### What to do
Copy every entry below exactly as it appears, leaving out the images.

### Caption-style text data
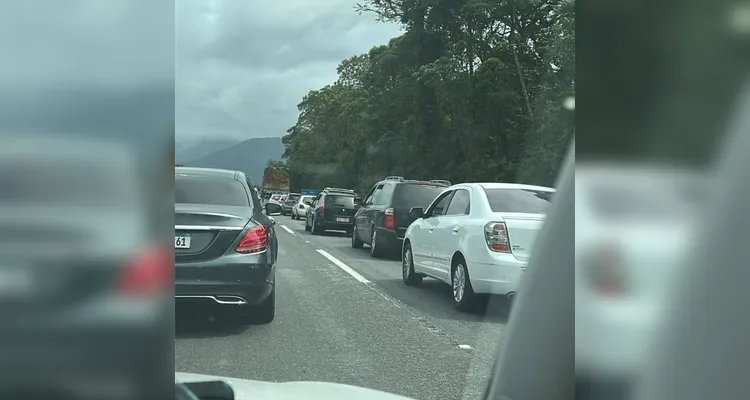 Fluxo intenso causa lentidão na BR-101 em Garuva no retorno do feriado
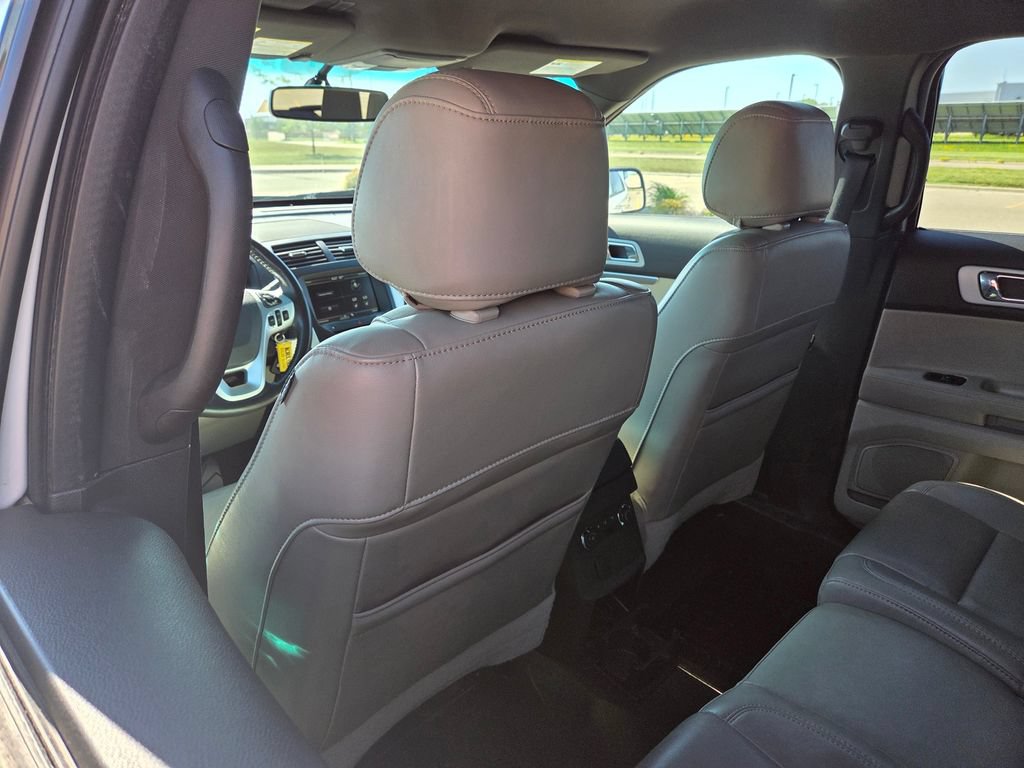 Used 2013 Ford Explorer XLT AWD/4WD image 47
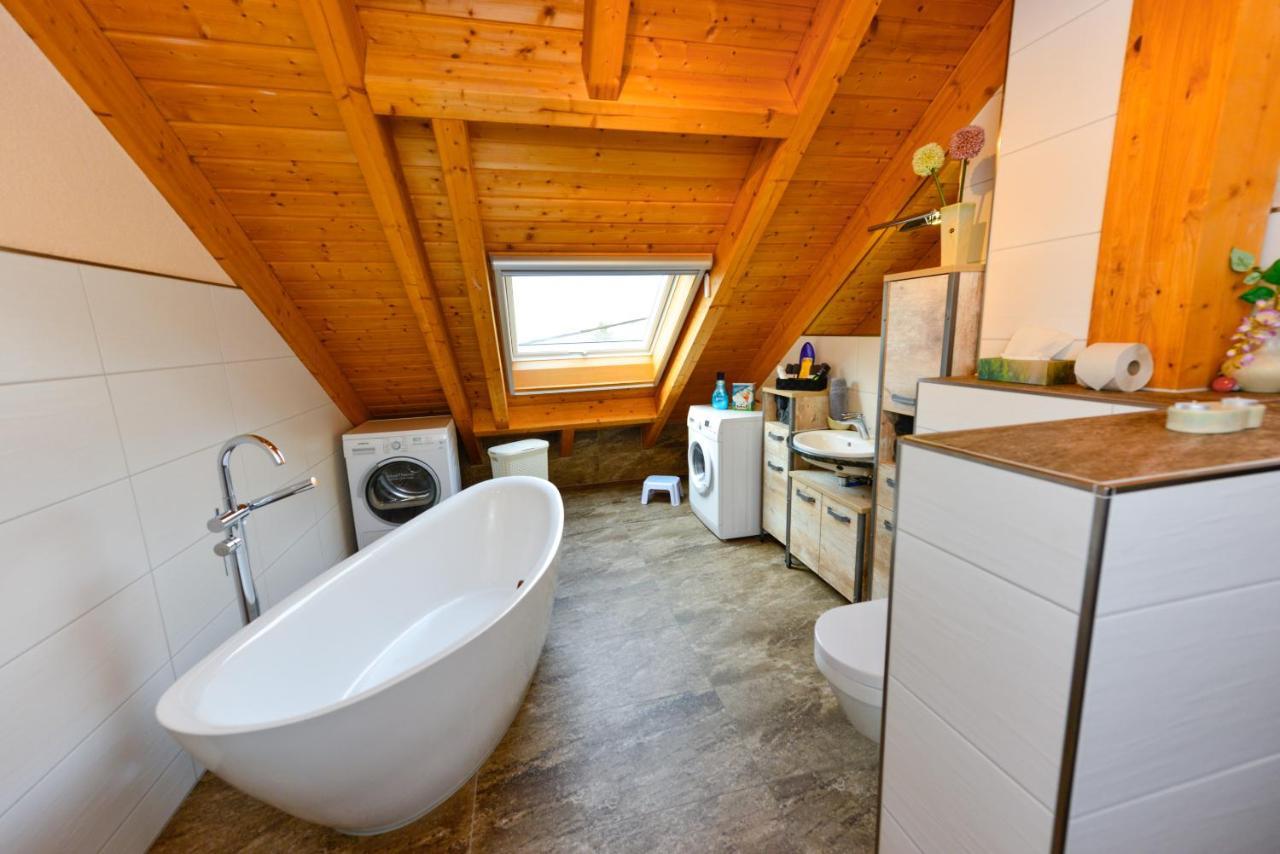 Ferienwohnung Im Erzgebirge Langenweissbach エクステリア 写真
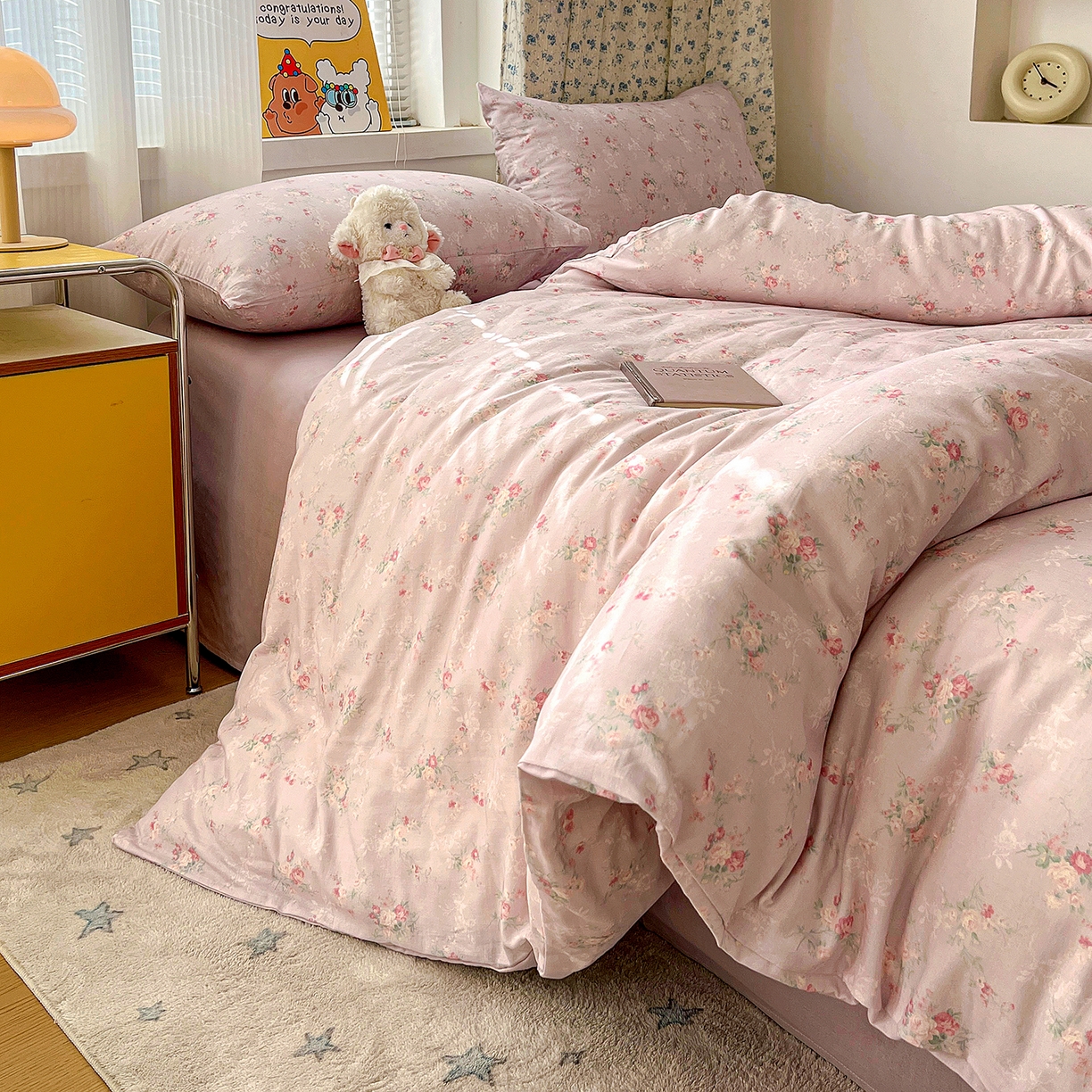 91家纺网 家纺一手货源 找家纺 麦伦家居 2026春夏新品全棉有氧双层纱印花系列简约款四件套 浅梦紫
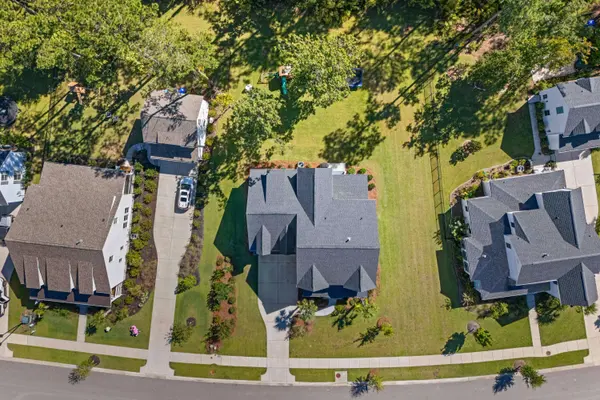 1747 Bolden Dr, Mount Pleasant, SC 29466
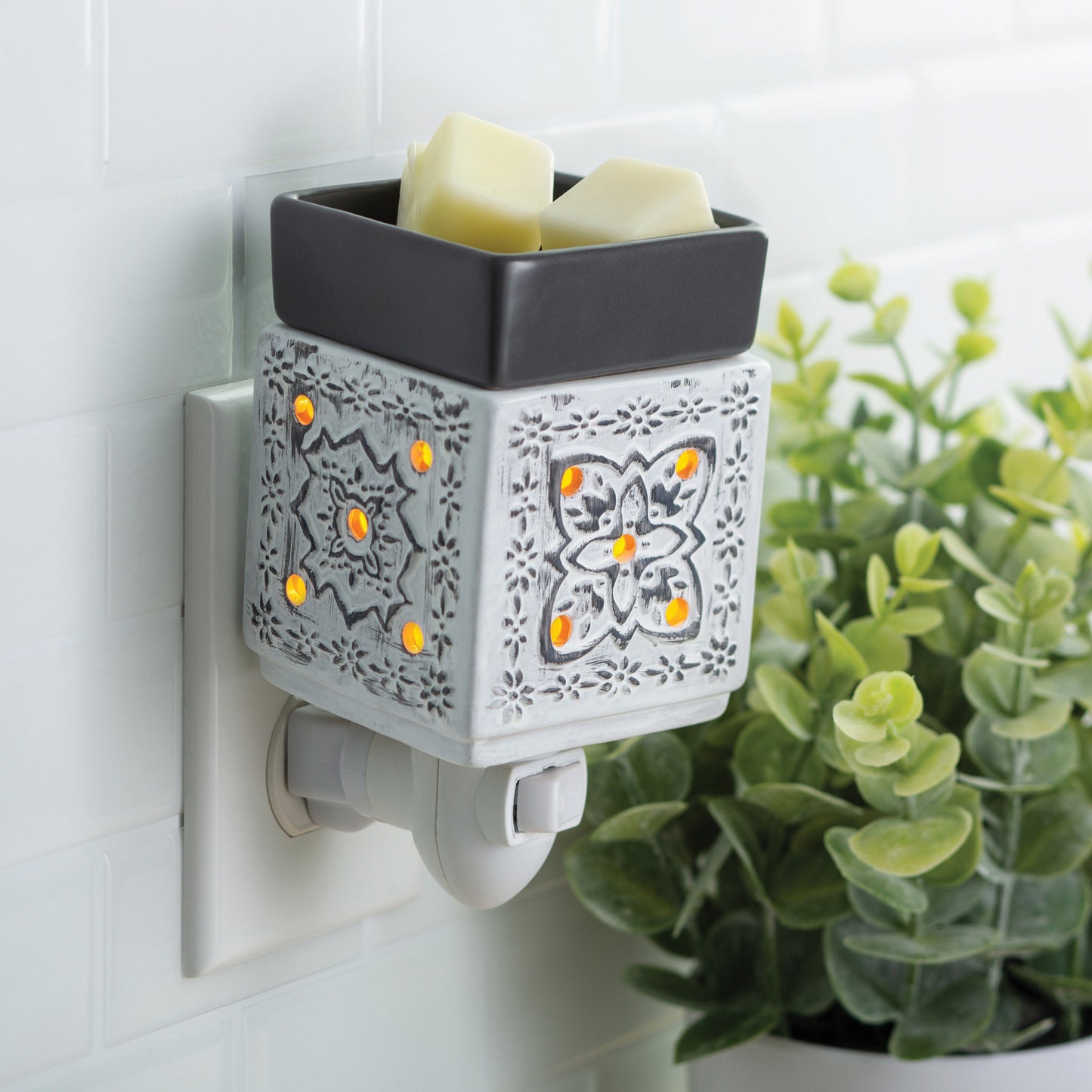 Modern Cottage Pluggable Wax Warmer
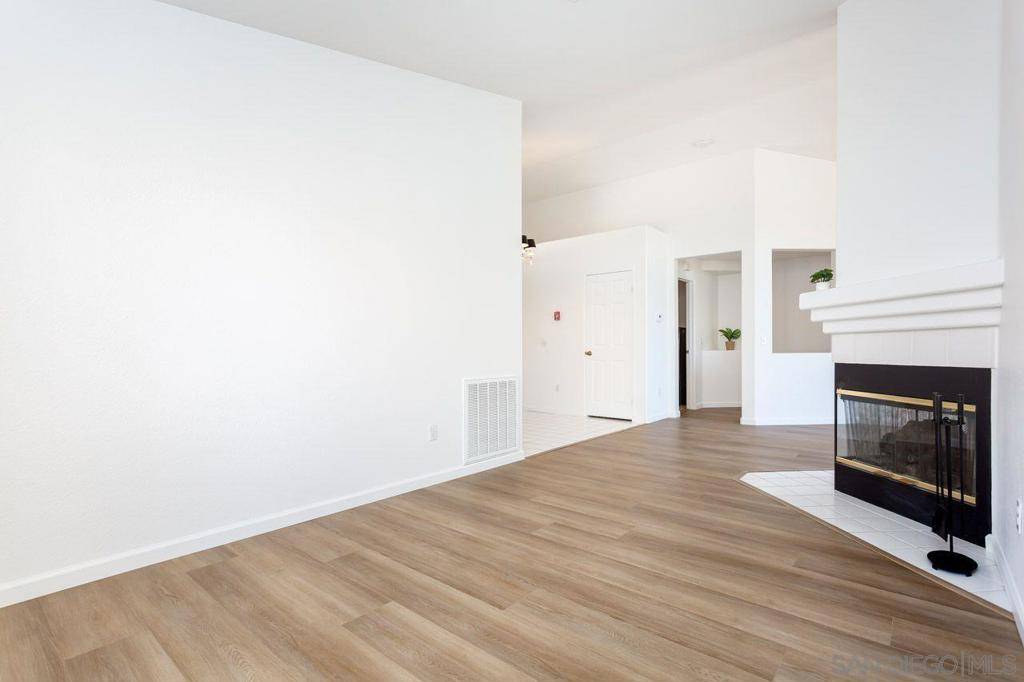 Alpine, CA 91901,2334 Columbine Dr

### Your solution
 Fluxo intenso causa lentidão na BR-101 em Garuva no retorno do feriado
 Used 2013 Ford Explorer XLT AWD/4WD image 47
 Ferienwohnung Im Erzgebirge Langenweissbach エクステリア 写真
 91家纺网 家纺一手货源 找家纺 麦伦家居 2026春夏新品全棉有氧双层纱印花系列简约款四件套 浅梦紫
 1747 Bolden Dr, Mount Pleasant, SC 29466
 Modern Cottage Pluggable Wax Warmer
 Alpine, CA 91901,2334 Columbine Dr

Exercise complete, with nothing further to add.